Relish: A new serialization format

I’ve recently created and open sourced a new serialization format, named Relish1, and a Rust library implementing it. They can be found here. I don’t expect many people to adopt it – there are quite a few choices for serialization libraries available to people already – however, it has some nice design properties that I want to describe.

Relish is a binary serialization format; it does not have an IDL. I drew ideas primarily from ASN.1 DER and Protocol Buffers. I’ve maintained a Rust ASN.1 DER library for several years, and I’ve been known to tell people that most of the reasons they think ASN.1 is bad are wrong, and in fact there are a bunch of other things that are bad about ASN.1.2 As much as anything else, Relish was created as a tech demo for what it’d look like if we took some basic ideas about serialization formats and implemented them cleanly. It’s designed for things like RPC messages or database values that have modestly sized messages.

Relish is a Type-[Length]-Value format. Each type code is defined as either being a fixed-width type or a variable-width type. Fixed-width types do not encode a length, variable-width types do. For variable-width types, lengths are encoded using a varint encoding: lengths less than 128 are encoded in a single byte, and lengths up to 2**31 - 1 are encoded in four bytes with one signaling bit (larger messages are unsupported).3 Compared to more general varint schemes (like LEB128), this allows much simpler code for encoding/decoding, while keeping minimal overhead (though encoding the value “200” takes two extra bytes compared to LEB128, because we’re encoding a length we know that we have at least 200 bytes of data, meaning we’re still at only 1% overhead).

Relish supports a variety of types: null, bools, fixed-width signed and unsigned integers, UTF-8 strings, arrays, maps, structs, enums, and timestamps. You may have noticed that there’s no bytes type at all. That’s because it’s not necessary, due to clever choices around how arrays are encoded.

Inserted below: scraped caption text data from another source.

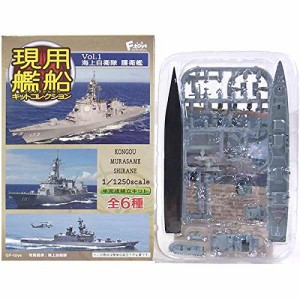 【3B】 エフトイズ 1/1250 現用艦船キットコレクション Vol.1 むらさめ(海外派遣時)  (中古品)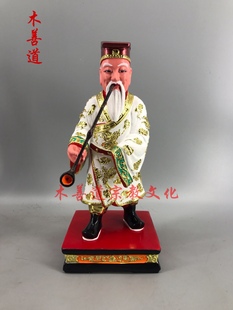 木雕茅山宗派胡秀华仙师樟木漆线雕精品手工30厘米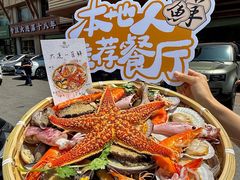-鲜得莱渔港·小平岛海胆馆(七贤岭店)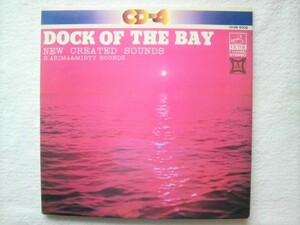 国内盤 CD-4 / THE DOCK OF THE BAY / New Created Sounds / 有馬すすむ とミスティ・サウンズ / OTIS REDDING ~ Beatles 他カバー!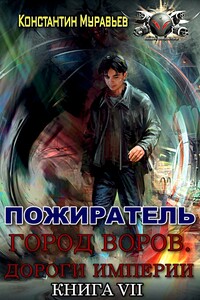 Город воров. Дороги Империи - Константин Николаевич Муравьев
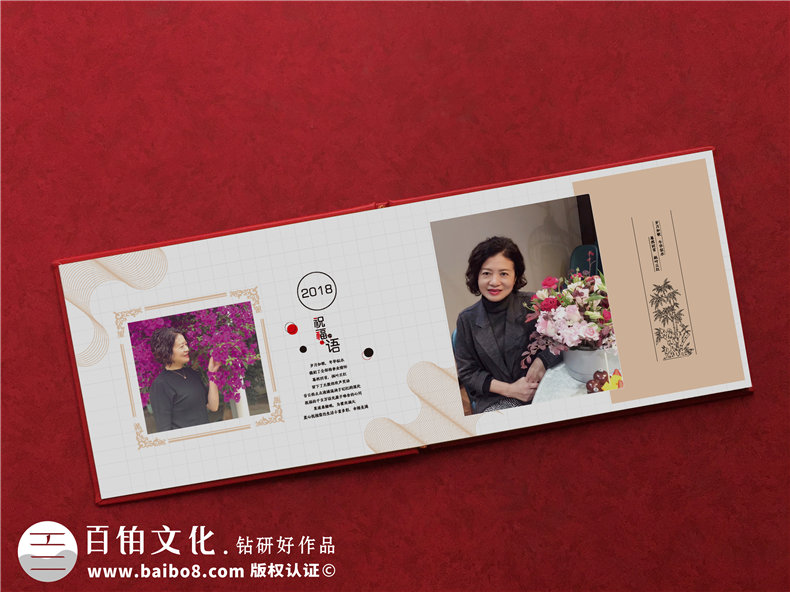 【領(lǐng)導離職相冊】領(lǐng)導離任畫(huà)冊 送退休領(lǐng)導留念紀念冊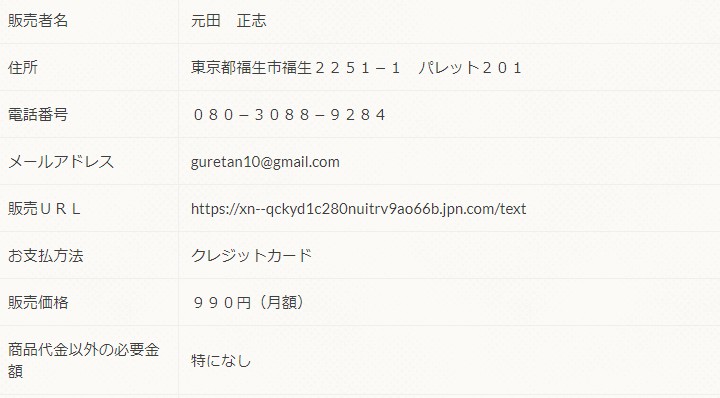 特定商取引法に基づく表記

You can have an array of any other type. An array’s value begins by encoding the type code for its element’s type, followed by the encoding of the value for each element. As a concrete example, to encode an array of u8 containing b"\x01\x02\x03", the encoding looks like [array type code] [length (4)] [u8 type code] 0x01 0x02 0x03. This nicely generalizes: the encoding of an array of any fixed-width integer type can be a simple memcpy from an in-memory buffer. Arrays of variable-width types are still supported, each element is encoded with its length prefix.

Structs use explicit integer field IDs for each field, which allows for extremely clear backwards compatibility semantics. Similarly, enums use an integer field ID to indicate which variant is encoded. This is in contrast to ASN.1, which relies on different type tags to identify fields (with EXPLICIT/IMPLICIT tagging to disambiguate where required). One of the consequences of this choice is that serde cannot be used in Rust (because it doesn’t support integer field tags).

Overall, Relish can be (hopefully!) seen as a set of reasonable choices, executed well, with no unforced errors. I have not yet declared the spec final, meaning for a short period I’m still considering backwards-incompatible changes to it. If, despite the plethora of other options, you think this might be of use, please take a look and provide feedback (particularly feedback that can only be resolved with a backwards-incompatible change).

  1. So named because, Pickles are for Delis, not for Software ↩︎

  2. In particular, many people believe that ASN.1 is responsible for a huge number of security issues. In reality, the vast majority of “ASN.1 security problems” are actually memory unsafety issues. ASN.1’s biggest issues are that it has a Noah’s Ark of available types, including no fewer than 12 string types, 2 bytes types, and 7 date/time-related types. ↩︎

  3. I don’t think this approach is novel, however despite its utility I haven’t been able to find a name for it! ↩︎